Quote exactly the lines from the one with "Honda VFR 1200 - Image 1" to the end of the data, both included; omit the pictures.

═════ Data ═════

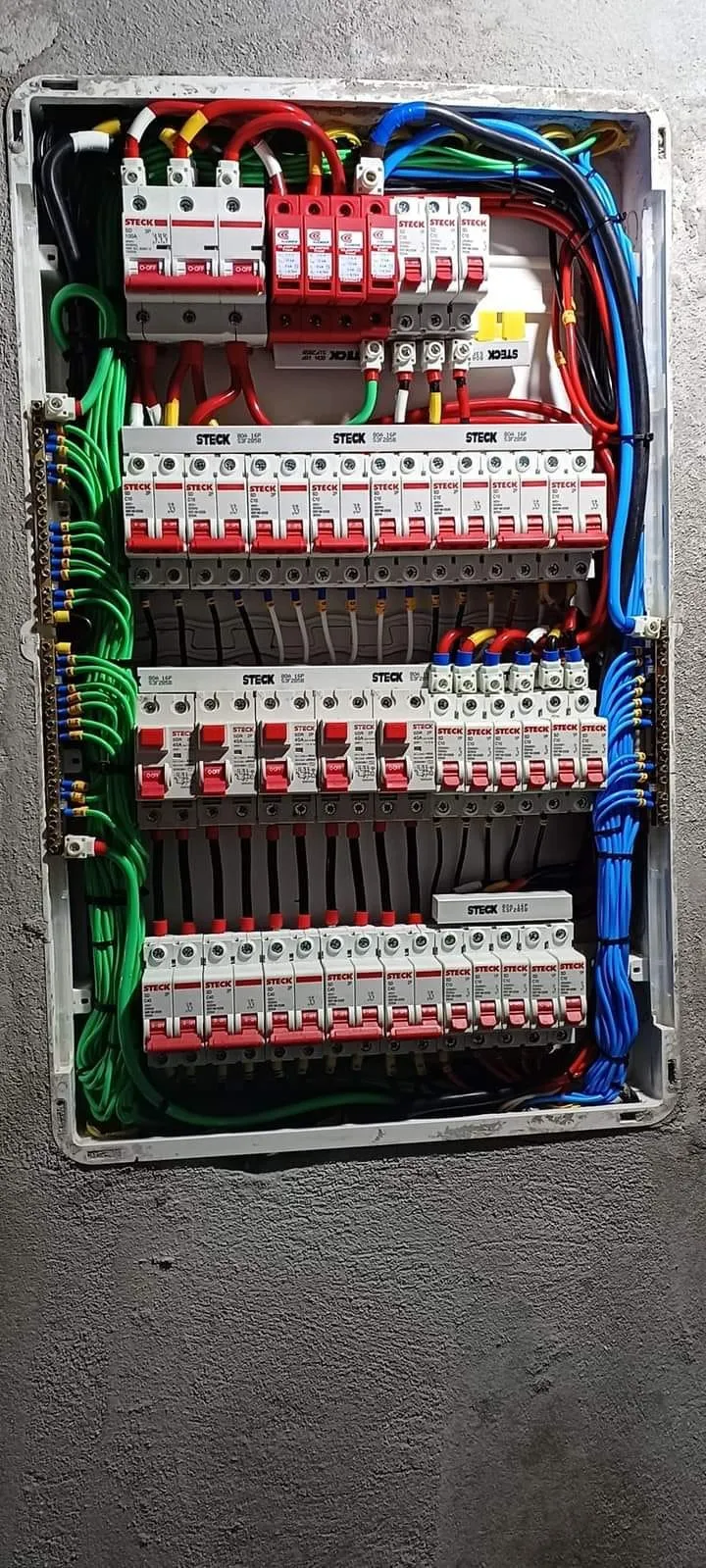 Quadro elétrico de grande porte com barramentos e disjuntores novos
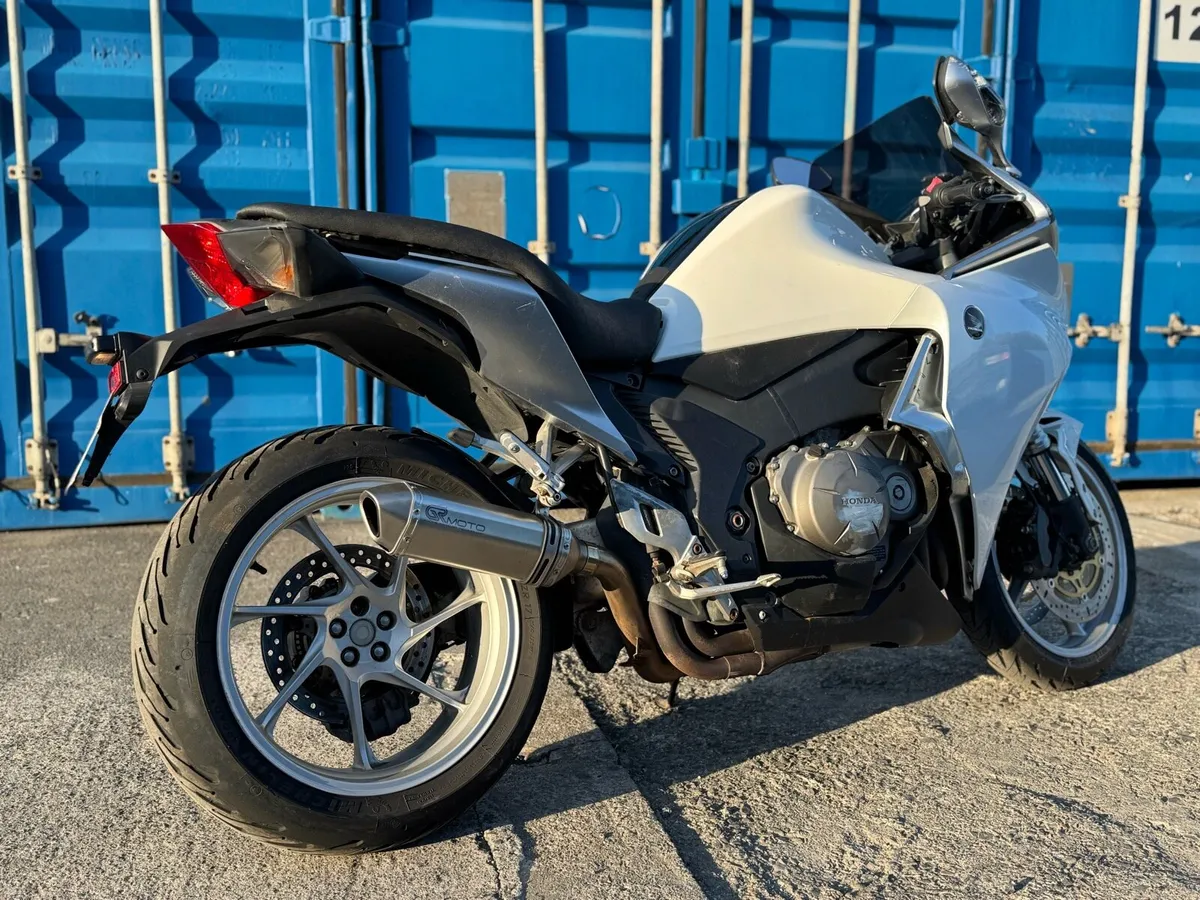 Honda VFR 1200 - Image 1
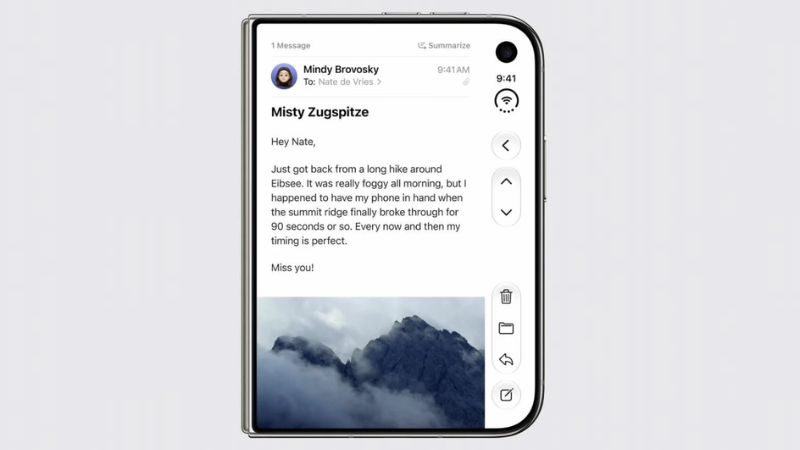 Dynamic Island nằm dọc ở cạnh bên màn hình ngoài iPhone Duo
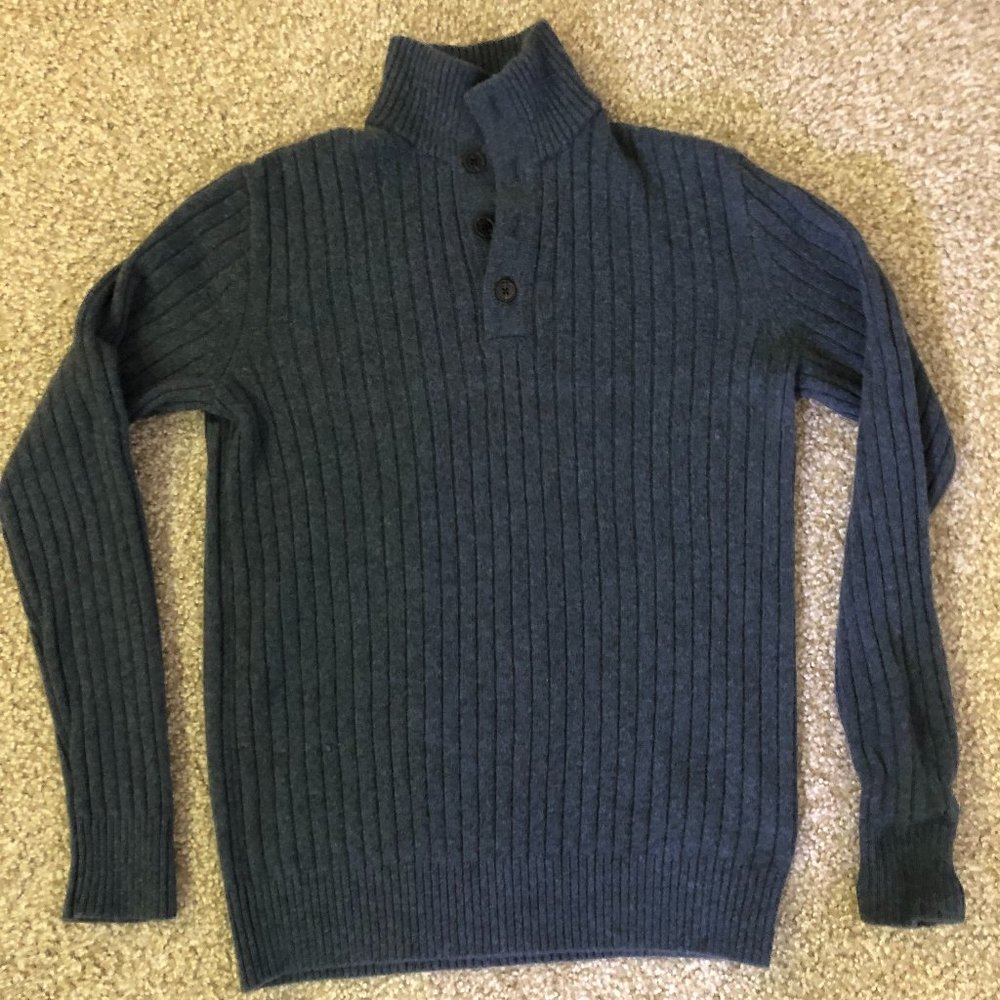 Banana Republic Italian Yarn 1/4 Button Sweater Sz M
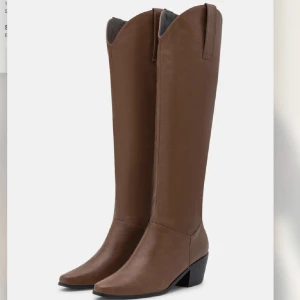 Stövlar  - Säljer dessa jättesnygga stövlar då de tyvärr är lite för stora på mig!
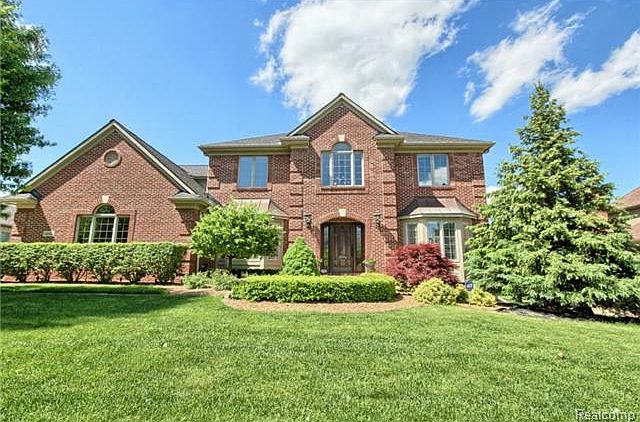 1st image of 16963 Highland Ln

═════

Answer to this task:
 Honda VFR 1200 - Image 1
 Dynamic Island nằm dọc ở cạnh bên màn hình ngoài iPhone Duo
 Banana Republic Italian Yarn 1/4 Button Sweater Sz M
 Stövlar  - Säljer dessa jättesnygga stövlar då de tyvärr är lite för stora på mig!
 1st image of 16963 Highland Ln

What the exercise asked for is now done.